▶ _YOUR ASSIGNMENT_:
Scan the records below for the line containing "1530 Empire Ave" and the line containing "Bathroom with a freestanding". Copy both, plus every line between, exactly.

▶ _DATASET EXTRACT_:
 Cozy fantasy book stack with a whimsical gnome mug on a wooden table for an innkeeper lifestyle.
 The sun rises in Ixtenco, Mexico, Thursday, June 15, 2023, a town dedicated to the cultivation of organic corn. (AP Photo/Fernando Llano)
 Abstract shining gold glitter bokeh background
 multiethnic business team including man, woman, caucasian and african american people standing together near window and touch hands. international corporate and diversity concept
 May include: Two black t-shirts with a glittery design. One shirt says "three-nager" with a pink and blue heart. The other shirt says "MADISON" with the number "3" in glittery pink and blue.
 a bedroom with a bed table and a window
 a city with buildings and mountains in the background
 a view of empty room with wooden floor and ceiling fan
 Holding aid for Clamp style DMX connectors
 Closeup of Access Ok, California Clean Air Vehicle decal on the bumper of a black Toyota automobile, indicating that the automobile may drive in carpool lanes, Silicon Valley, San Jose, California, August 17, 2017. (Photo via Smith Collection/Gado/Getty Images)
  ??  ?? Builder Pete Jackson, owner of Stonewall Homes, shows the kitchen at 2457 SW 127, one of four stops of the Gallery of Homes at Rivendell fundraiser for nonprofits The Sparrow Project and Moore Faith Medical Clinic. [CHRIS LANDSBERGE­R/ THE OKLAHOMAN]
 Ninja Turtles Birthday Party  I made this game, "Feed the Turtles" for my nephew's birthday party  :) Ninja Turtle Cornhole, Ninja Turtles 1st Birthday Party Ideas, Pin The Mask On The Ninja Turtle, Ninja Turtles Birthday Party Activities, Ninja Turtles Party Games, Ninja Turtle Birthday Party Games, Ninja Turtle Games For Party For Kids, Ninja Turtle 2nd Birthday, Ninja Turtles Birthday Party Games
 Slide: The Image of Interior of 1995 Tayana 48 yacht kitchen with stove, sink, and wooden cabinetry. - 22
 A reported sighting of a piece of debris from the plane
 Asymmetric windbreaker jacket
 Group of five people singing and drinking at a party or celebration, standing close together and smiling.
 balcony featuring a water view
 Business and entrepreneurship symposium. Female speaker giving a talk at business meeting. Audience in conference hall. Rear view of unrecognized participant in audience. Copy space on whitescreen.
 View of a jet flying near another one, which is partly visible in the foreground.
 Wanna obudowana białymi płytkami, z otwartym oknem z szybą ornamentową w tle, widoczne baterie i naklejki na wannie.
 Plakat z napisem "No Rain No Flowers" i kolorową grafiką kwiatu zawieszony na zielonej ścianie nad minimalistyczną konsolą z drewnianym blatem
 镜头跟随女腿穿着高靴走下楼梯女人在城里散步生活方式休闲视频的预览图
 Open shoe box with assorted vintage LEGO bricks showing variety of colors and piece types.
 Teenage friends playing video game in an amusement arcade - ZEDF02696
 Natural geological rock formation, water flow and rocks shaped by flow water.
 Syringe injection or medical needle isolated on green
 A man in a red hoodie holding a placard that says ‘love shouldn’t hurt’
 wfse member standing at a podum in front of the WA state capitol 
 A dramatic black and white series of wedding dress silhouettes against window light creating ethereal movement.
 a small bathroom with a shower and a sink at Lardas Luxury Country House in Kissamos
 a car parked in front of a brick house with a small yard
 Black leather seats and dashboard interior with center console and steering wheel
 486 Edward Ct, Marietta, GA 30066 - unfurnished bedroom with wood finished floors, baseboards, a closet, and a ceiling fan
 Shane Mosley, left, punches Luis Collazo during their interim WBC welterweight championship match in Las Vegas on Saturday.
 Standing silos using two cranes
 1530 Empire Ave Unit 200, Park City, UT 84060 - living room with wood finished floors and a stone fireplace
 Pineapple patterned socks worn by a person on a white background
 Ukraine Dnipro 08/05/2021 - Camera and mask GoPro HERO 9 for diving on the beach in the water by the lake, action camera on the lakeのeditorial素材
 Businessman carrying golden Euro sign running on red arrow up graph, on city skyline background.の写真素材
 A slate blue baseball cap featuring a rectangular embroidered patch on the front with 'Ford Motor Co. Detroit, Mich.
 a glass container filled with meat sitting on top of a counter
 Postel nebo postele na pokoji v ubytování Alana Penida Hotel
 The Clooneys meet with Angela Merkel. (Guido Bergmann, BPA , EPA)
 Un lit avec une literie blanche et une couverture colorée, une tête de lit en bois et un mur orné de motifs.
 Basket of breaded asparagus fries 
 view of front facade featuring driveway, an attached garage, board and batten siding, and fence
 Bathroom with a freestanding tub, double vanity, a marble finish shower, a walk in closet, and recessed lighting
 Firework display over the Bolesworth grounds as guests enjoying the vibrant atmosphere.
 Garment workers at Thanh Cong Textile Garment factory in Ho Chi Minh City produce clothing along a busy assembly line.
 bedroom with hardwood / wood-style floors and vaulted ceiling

▶ _TASK RESULT_:
 1530 Empire Ave Unit 200, Park City, UT 84060 - living room with wood finished floors and a stone fireplace
 Pineapple patterned socks worn by a person on a white background
 Ukraine Dnipro 08/05/2021 - Camera and mask GoPro HERO 9 for diving on the beach in the water by the lake, action camera on the lakeのeditorial素材
 Businessman carrying golden Euro sign running on red arrow up graph, on city skyline background.の写真素材
 A slate blue baseball cap featuring a rectangular embroidered patch on the front with 'Ford Motor Co. Detroit, Mich.
 a glass container filled with meat sitting on top of a counter
 Postel nebo postele na pokoji v ubytování Alana Penida Hotel
 The Clooneys meet with Angela Merkel. (Guido Bergmann, BPA , EPA)
 Un lit avec une literie blanche et une couverture colorée, une tête de lit en bois et un mur orné de motifs.
 Basket of breaded asparagus fries 
 view of front facade featuring driveway, an attached garage, board and batten siding, and fence
 Bathroom with a freestanding tub, double vanity, a marble finish shower, a walk in closet, and recessed lighting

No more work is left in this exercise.